Certainly businesses and private individuals would have much greater clarity over rules and procedures and trade between the UK and the EU would flow more smoothly. Certainly the UK might have some marginal influence in various EU institutions and agencies.
But in leaving the EU while remaining in the SM and in the CU the UK would still become a rule-taker, accepting all the rules of the single market including the four freedoms and the role of the European Court of Justice, without any representation in the decision-making bodies of the Union.
That may be tolerable for Norway, which has negotiated deals with the EU to protect its two key sectors (agriculture and fisheries), but it would not be acceptable for the UK with its large and complex economy. No UK government would accept such a situation for long.
In short a ‘soft’ Brexit would not be sustainable.
And even continued membership of the SM and CU would not eliminate all border controls with the island of Ireland. At the very least, with Britain out of the Common Agricultural Policy, there would need to be checks on the vast two-way flows of agricultural products that take place across the border.
Thus both the course being charted by Mrs May, and the softer Brexit options being pursued by the pro-Europeans and the Labour Party offer a Brexit outcome that leaves the UK significantly worse off economically and with a significant loss of control over policy.
So why bother leaving the EU at all? The supposed ‘will of the people’ is said to be paramount. But, as Sir John Major, one of the few statesmanlike politicians, has pointed out, December 2020, the end of the mooted ‘transition period’, is nearly five years after the referendum.
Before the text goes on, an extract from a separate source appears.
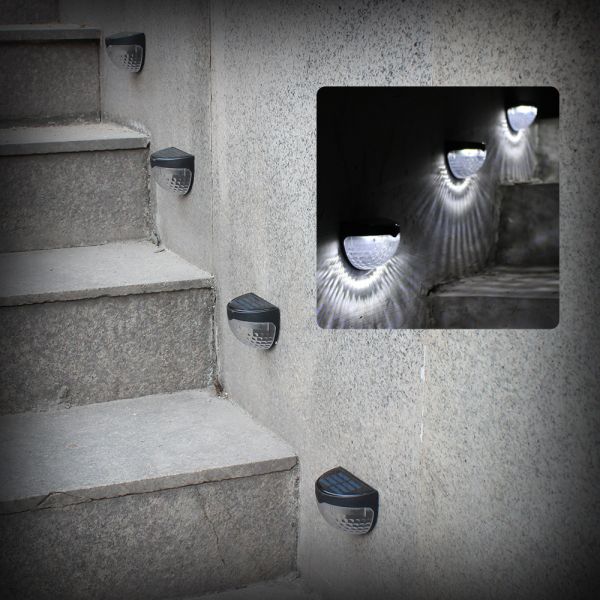 Solar Fence Light Semi-circle Outdoor Wall Light White Decorative Lighting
The electorate will certainly have changed and very likely will have formed a more mature, informed opinion.
At another level, it is a great pity that the whole Brexit debate is still being carried on as a sort of cost-benefit analysis, failing to comprehend the deeper and more fundamental purpose of the EU.
It may be flawed, but it remains a largely successful attempt of peoples to cooperate and work together in the face of common challenges as well as in the interest of greater prosperity. Indeed, that it is proving so difficult to leave is a measure of how great and far-reaching this common purpose has been.
Why throw it away for something that increasingly is revealed as a chimera, at a time when those common challenges seem greater than ever?
Short of withdrawing the Article 50 notification before the end of March 2019, the most sensible short term solution to this dilemma would be to extend the Article 50 negotiating period instead of having some “transition” arrangement.
We have argued this point previously. ‘Transition’ is a one-way street out of the EU, before the details of the proposed future relationship between the EU would be known. It offers no possibility of turning back.
Happily, an increasing number of MPs and peers, including ministers, and the cross-party Commons Brexit Select Committee, are now also advocating this course of action, so that Parliament would have the chance of a genuinely meaningful vote on the terms of Brexit rather than just on broad principles.
It is also in the interests of the EU27, who on the whole would much prefer Britain to remain in the EU.
By John Speed and Stephen McCarthy, former officials of respectively the European Court of Auditors and the European Investment Bank.